Online entrepreneur by day and Top Shelf Liquor store clerk by night may sound like an odd mix, but that’s how Cornell University graduate Nii Andrews ’08 makes a living.
Andrews started an online business, GhanaRemit, which aims to give Ghanians and U.S. citizens the opportunity to transfer money to their relatives or business partners at affordable rates. Not only will he help people with the service, but he plans to send proceeds to Ghanian citizens.
Staff Writer Thad Komorowski spoke with Andrews about why he wanted to start up an online business and send proceeds to Ghana.
Thad Komorowski: Where are you from originally, and what did you study at Cornell?
Nii Andrews: I’m from Ghana; I lived there from 1994 to 2002. I came from New York City to Ithaca to study applied economics and management at Cornell and graduated with a bachelor’s degree.
TK: How did you end up working at Top Shelf?
NA: The owner, Peter Ingrassia, is a good friend of mine. We used to play soccer together, so it’s pretty cool working here. I started a company online, so I needed a job where I could still have the flexibility to work on my company online and still make some money to stay afloat. So working at a liquor store has been a perfect match for me.
TK: Why did you choose money transferring?
NA: It’s definitely possible to transfer money cheaper than Western Union is offering. They really don’t transfer money anyway, because they already have the money at their branches all over the world, so when you want to send money, they don’t send it, it’s already there. So why it costs $9 or $10 for them to transfer $100, I’m not really sure, but a lot of companies haven’t given them much competition. GhanaRemit only charges $3 per $100.
TK: What do you hope to achieve with the site?
NA: It’s always been my goal to contribute to Ghana in some form or fashion, and this is one of the ways I figured I’d be able to do it.
TK: How successful has the site been so far?
NA: I’m about 55 percent where I want to be so far because I can’t do the money transferring just yet. I wanted to work with partner banks in Ghana, but there’s a lot of red tape and politics involved with that, so I decided to create my own payment system. That’s why I want to use prepaid debit cards, so money can be sent to the people in Ghana and they can access their money from an ATM, anytime and anywhere. Once I get the prepaid debit cards, I’ll be able to get GhanaRemit going full-swing.
GhanaRemit also has an Internet store, which allows the Ghanaian people to shop online. It’s up and running right now, and it’s doing very well.

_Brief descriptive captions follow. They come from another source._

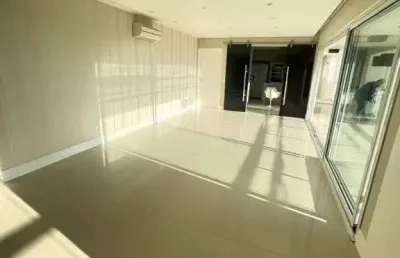 Apartamento com 3 quartos à venda na Avenida Ômega, Empresarial 18 do Forte, Barueri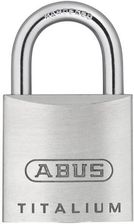 Zdjęcie Abus Kłódka Titalium 20mm - Otyń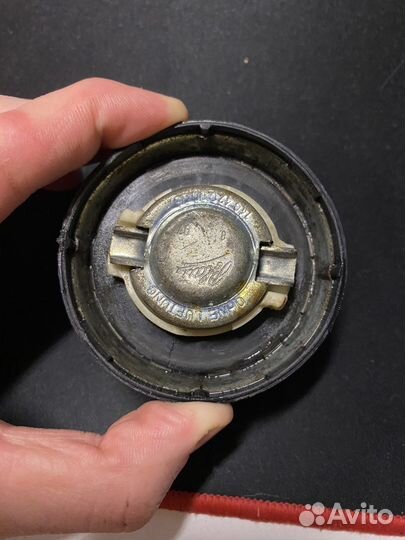 Крышка топливного бака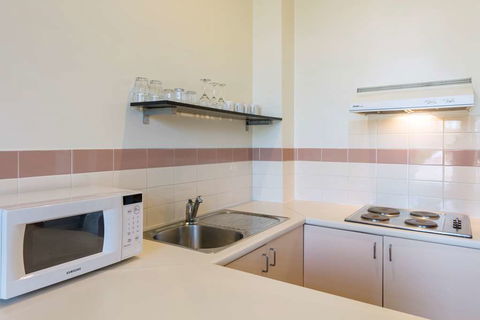 Nesuto Woolloomooloo Sydney Apartments - Tourism TAS 11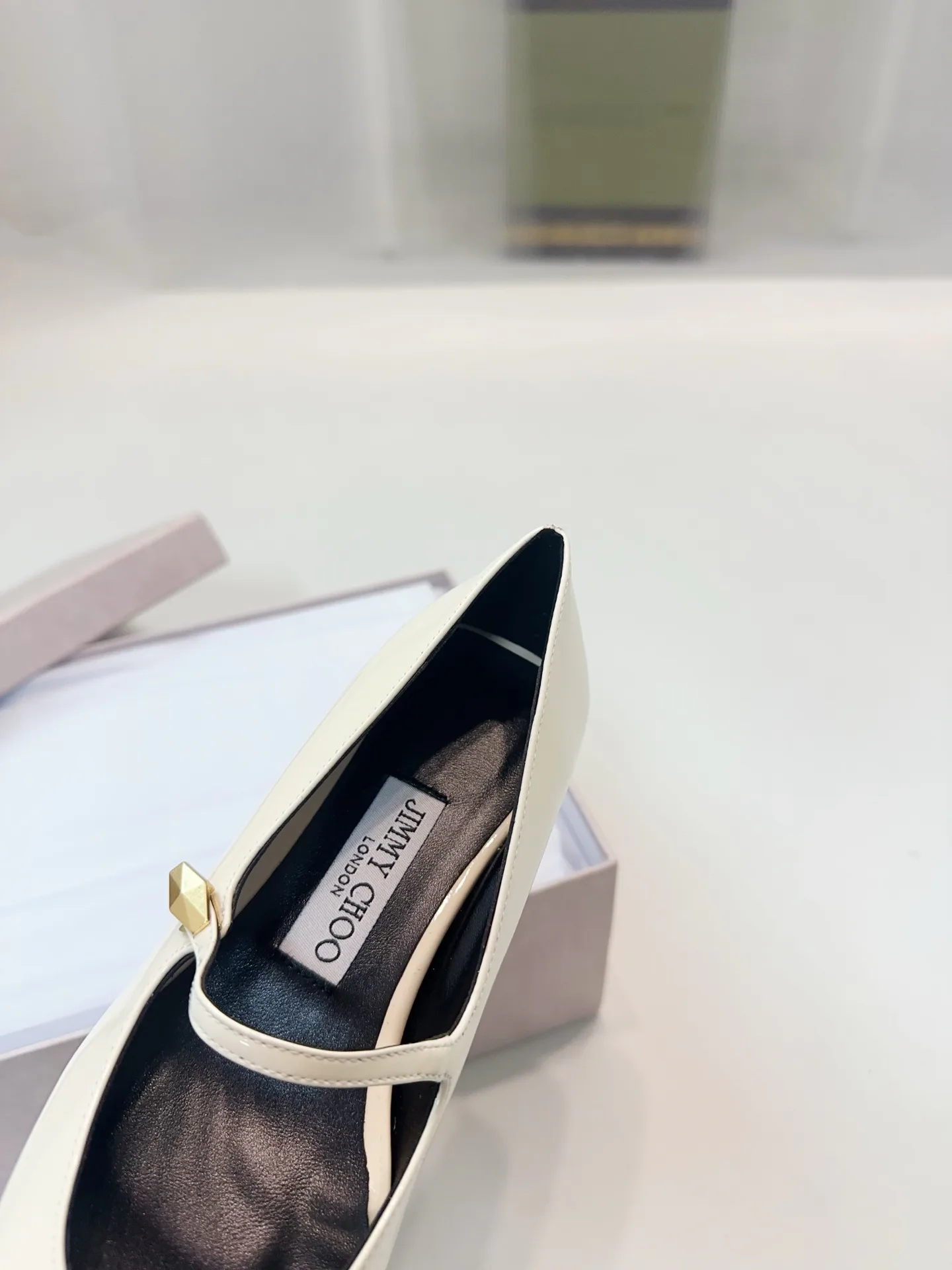 Туфли Женские Jimmy Choo 28051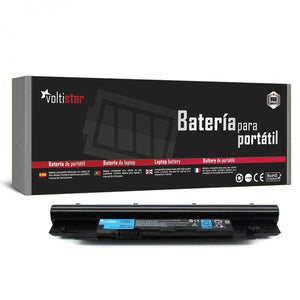 Batería para Portátil 6426 10,8 V / 11,1 V 4400 mAh - HAMISHOP07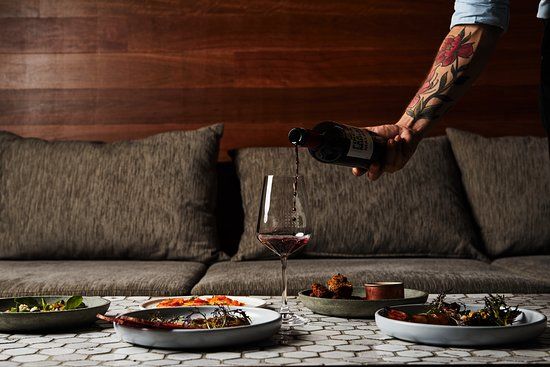 Abacus Bar & Kitchen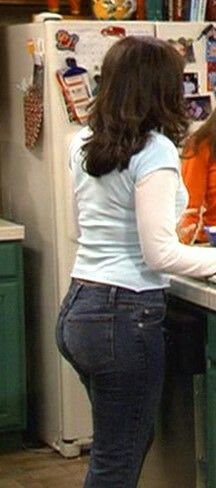 Constance marie ass pics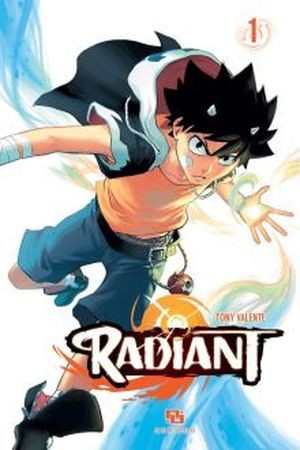 Radiant (2013) | LectorTMOo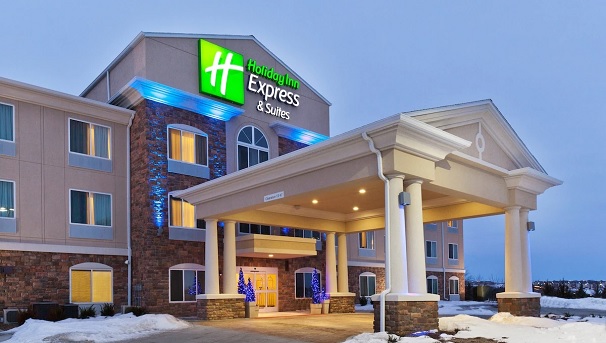 Holiday Inn Express Baltimore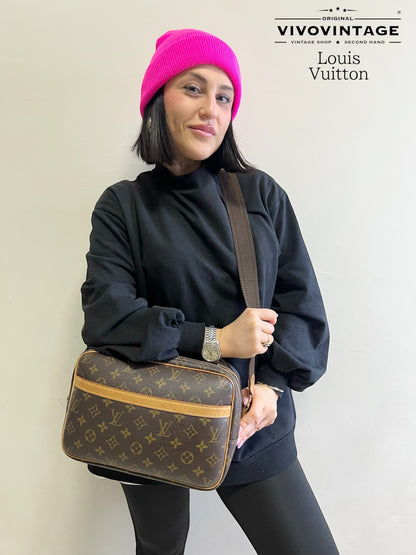 Reporter Louis Vuitton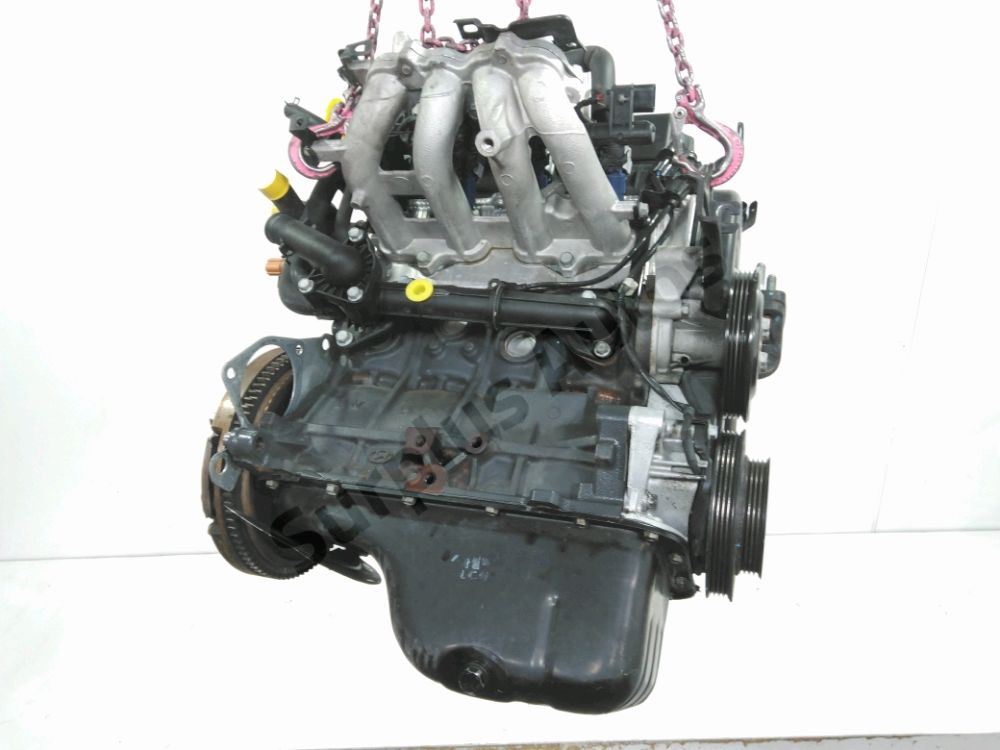 Moteur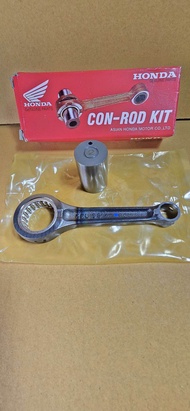 ชุดก้านสูบ Wave125R / Wave125S / Wave125i บังลม ตัวเก่า HONDA แท้เบิกศูนย์ รหัส 06381-KPH-900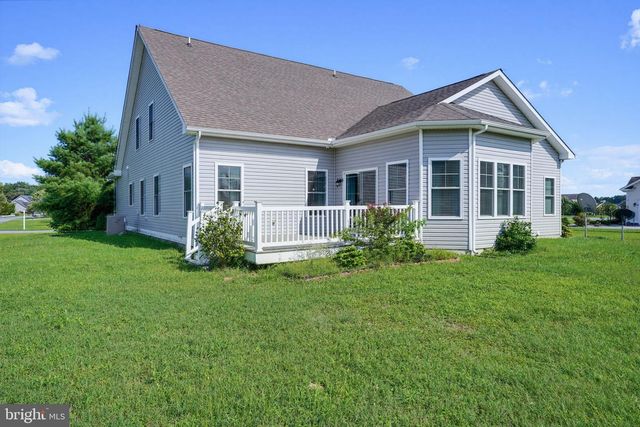 24840 MISTLETOE DR, Georgetown, DE 19947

TK: What else do you hope to achieve with the new business?
NA: I’m also donating a significant amount of our profits from the business to help medical outreach. My father is the only neurosurgeon in Ghana, just to give you an idea of the scarcity of medical care there. … My main goals with this business are to just help people transfer money conveniently all around the world and help all the unfortunate people in Ghana who don’t have access to medical care.